Goal: construct a set of molecular pairs that can be used to compare similarity methods to each other.

Update from http://rdkit.blogspot.com/2016/04/revisiting-similarity-comparison-set.html
The earlier version of this notebook (http://rdkit.blogspot.ch/2013/10/building-similarity-comparison-set-goal.html or https://github.com/greglandrum/rdkit_blog/blob/master/notebooks/Building%20A%20Similarity%20Comparison%20Set.ipynb)included a number of molecules that have counterions (from salts). Because this isn't really what we're interested in (and because the single-atom fragments that make up many salts triggered a bug in the RDKit's Morgan fingerprint implementation), I repeat the analysis here and restrict it to single-fragment molecules (those that do not include a `.` in the SMILES).

The other big difference from the previous post is that an updated version of ChEMBL is used; this time it's ChEMBL21.

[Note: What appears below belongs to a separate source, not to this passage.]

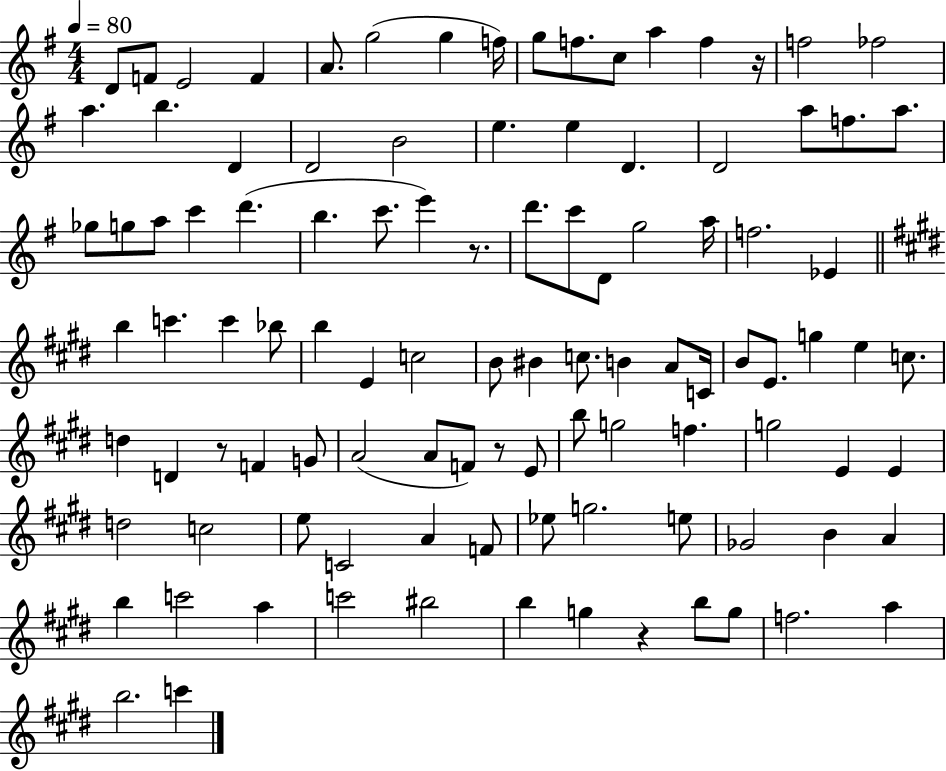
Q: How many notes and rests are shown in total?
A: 104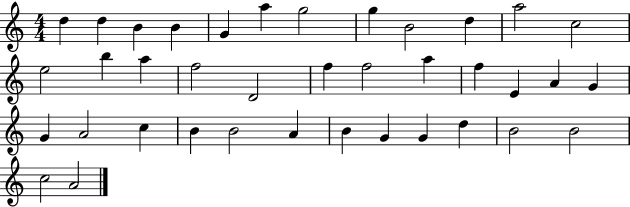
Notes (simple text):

D5/q D5/q B4/q B4/q G4/q A5/q G5/h G5/q B4/h D5/q A5/h C5/h E5/h B5/q A5/q F5/h D4/h F5/q F5/h A5/q F5/q E4/q A4/q G4/q G4/q A4/h C5/q B4/q B4/h A4/q B4/q G4/q G4/q D5/q B4/h B4/h C5/h A4/h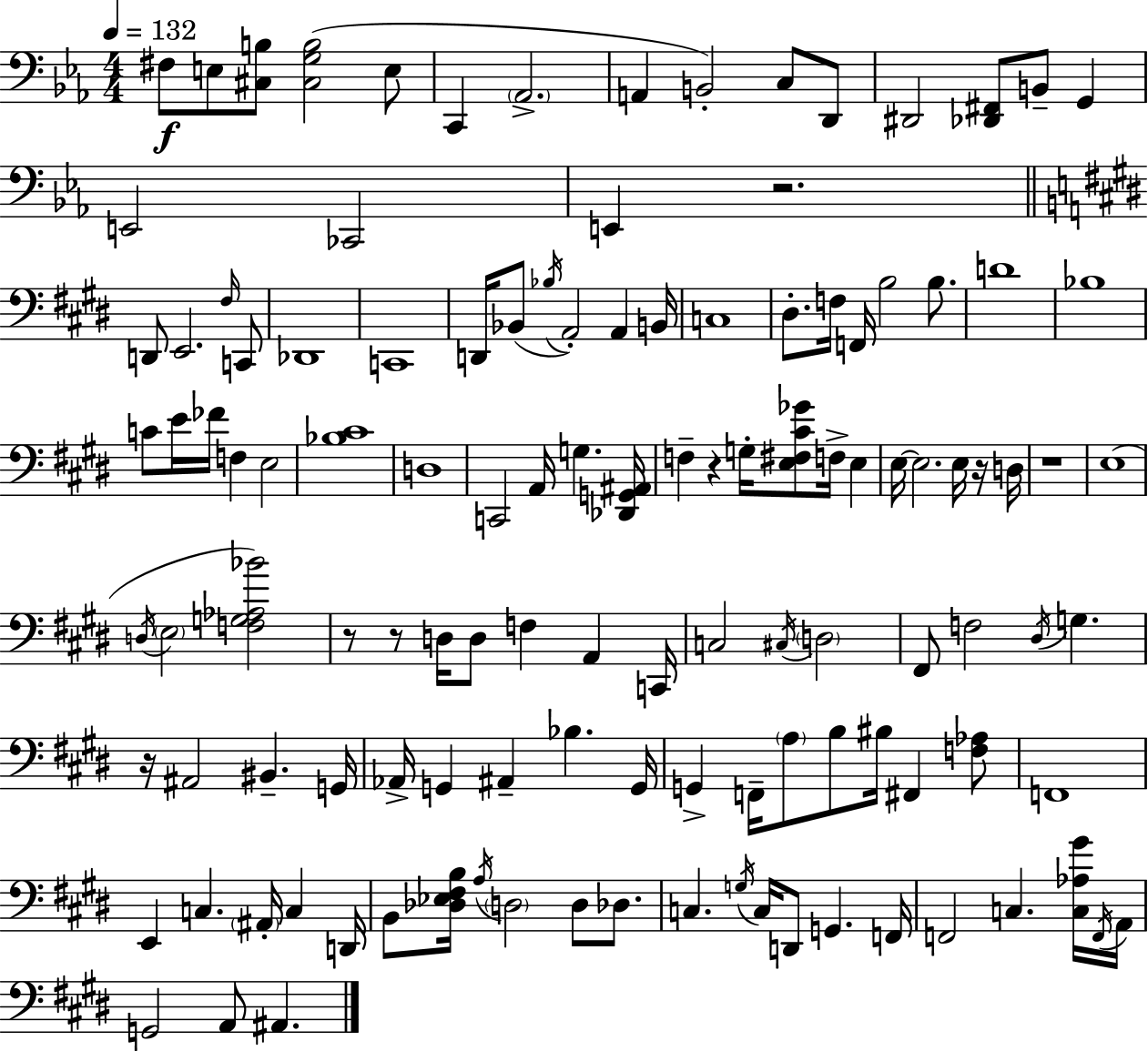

I want to start with molecules that have some connection to each other, so I will pick pairs that have a baseline similarity: a Tanimoto similarity using count based Morgan0 fingerprints of at least 0.7. I also create a second set of somewhat more closely related molecules where the baseline similarity is 0.6 with a Morgan1 fingerprint. Both thresholds were selected empirically.

**Note:** this notebook and the data it uses/generates can be found in the github repo: https://github.com/greglandrum/rdkit_blog

I'm going to use ChEMBL as my data source, so I'll start by adding a table with Morgan0 fingerprints that only contains molecules with molwt<=600 and a single fragment (we recognize this because there is no '.' in the SMILES):

    chembl_21=# select molregno,morgan_fp(m,0) mfp0 into table rdk.tfps_smaller from rdk.mols 
    join compound_properties using (molregno) 
    join compound_structures using (molregno) 
    where mw_monoisotopic<=600 and canonical_smiles not like '%.%';
    SELECT 1372487
    chembl_21=# create index sfps_mfp0_idx on rdk.tfps_smaller using gist(mfp0);
    CREATE INDEX
   

And now I'll build the set of pairs using Python. This is definitely doable in SQL, but my SQL-fu isn't that strong.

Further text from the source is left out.